Utilisation de l’argument de "neutralité carbone", ADEME
« Je compense donc je consomme » et pourquoi le greenwashing freine la transition écologique
Carbone4, un cabinet de conseil spécialisé dans l’ingénierie carbone, évoque dans cet article que réinventer notre sémantique permet de réinventer notre rapport à la finance carbone. Soigner le choix de ses expressions est donc essentiel.
Vous les avez sûrement vus sur les emballages ou lors d’une réservation d’un billet d’avion : des termes tels que « 100% compensé », « zéro impact carbone », etc. apparaissent partout et peuvent donner l’impression qu’il est possible de compenser intégralement les émissions liées à ses activités et de devenir « neutre en carbone » sans réduire ses réelles émissions de gaz à effet de serre. L’utilisation abusive de l’argument écologique présente en effet plusieurs points problématiques :
- Tout d’abord, elle retarde la prise de conscience du public quant au changement de ses habitudes de consommation. Si une personne lit sur le site web d’une compagnie aérienne que son trajet sera « 100 % compensé », cela donne le sentiment qu’il est tout à fait possible de continuer d’effectuer ses trajets comme avant.
- Cet argument invisibilise les efforts des entreprises réellement engagées, car si tout le monde se proclame « neutre en carbone », le consommateur finit par se méfier de cet argument et n’accorde plus aucune crédibilité à toutes les structures utilisant cette notion.
Au contraire, utiliser le terme « contribution » est un choix plus judicieux car il renvoie au sens littéral de ce mot, car si l’on finance, par exemple, un projet de reboisement via des crédits carbone, on n’annule pas nos émissions, on ne les compense pas : on ne peut donc appeler cela une « compensation ». Grâce au financement de ce type de projets, comme ceux accompagnés par le guichet carbone de l’Agence du climat, on contribue à la séquestration carbone et à la favorisation de la biodiversité : la dénomination de « contribution » parait donc plus ancrée dans la réalité et plus transparente. Pour toutes ces raisons, l’Agence du climat a décidé d’utiliser le terme de « contribution » et non de « compensation » carbone, soulignant ainsi la nécessité d’agir activement en amont de toute contribution pour éviter ou réduire les émissions à la source plutôt que de simplement les compenser.

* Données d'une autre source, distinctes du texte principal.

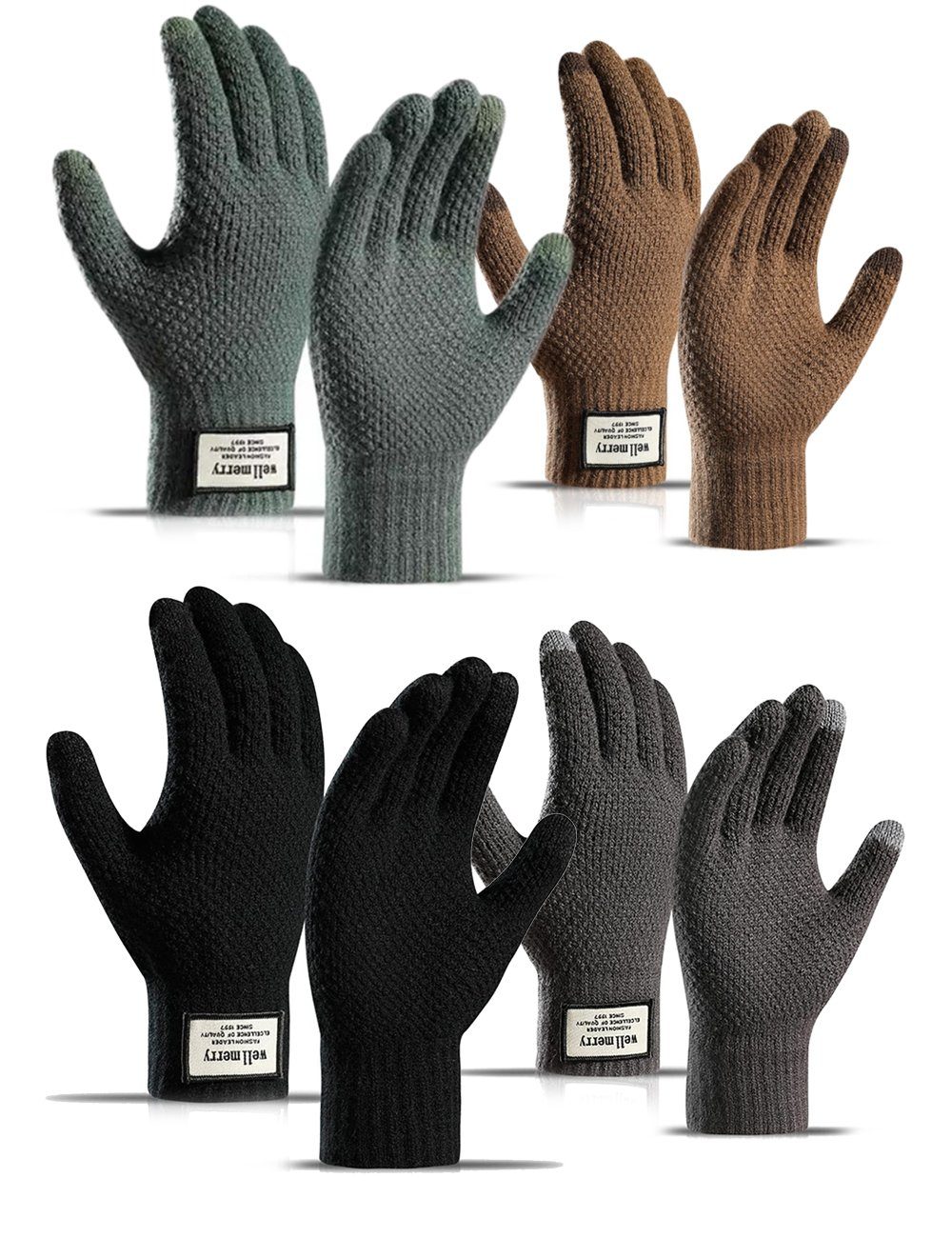 Alster  Herz Alster Herz Strickhandschuhe Winter Touchscreen Handschuhe mit Futter, A0351 Grau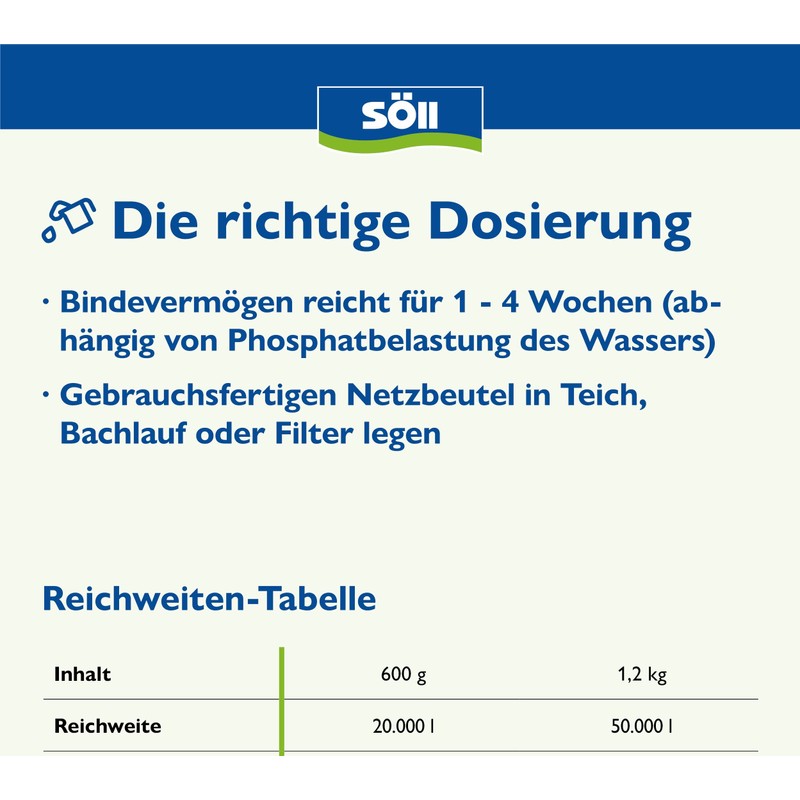 Söll 81799 Turbo Phosphate Binder, 600 g, Immediately Effective Pond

Réglementation et communication responsable
Depuis le 1er janvier 2023, une nouvelle législation encadre strictement l’utilisation de l’argument de neutralité carbone dans les publicités en France. Cette loi dispose qu’il est désormais interdit d’utiliser l’argument de neutralité carbone, sauf en respectant les conditions suivantes :
- rendre public un bilan complet des émissions de gaz à effet de serre, incluant les émissions directes et indirectes du produit ou service,
- expliquer la démarche suivie pour éviter, réduire et compenser les émissions de gaz à effet de serre, avec des objectifs annuels de réduction quantifiés,
- respecter les modalités de compensation des émissions résiduelles.
En cas de non-respect de ces obligations, une amende de 20 000 € peut être imposée à une personne physique et de 100 000 € à une personne morale. Ces montants peuvent atteindre le montant total des dépenses consacrées à l’opération illégale.
Cette loi fait partie de la LOI n° 2021-1104 du 22 août 2021, qui vise à lutter contre le dérèglement climatique et à renforcer la résilience face à ses effets. Elle assure que les affirmations environnementales utilisées dans les publicités sont vérifiables et transparentes, renforçant ainsi la communication responsable.
En d’autres termes et au-delà de la communication, il ne suffit plus de neutraliser les émissions par des actions compensatoires (comme planter des arbres) ; les entreprises doivent démontrer des efforts concrets et continus pour réduire et éviter les émissions dès le départ.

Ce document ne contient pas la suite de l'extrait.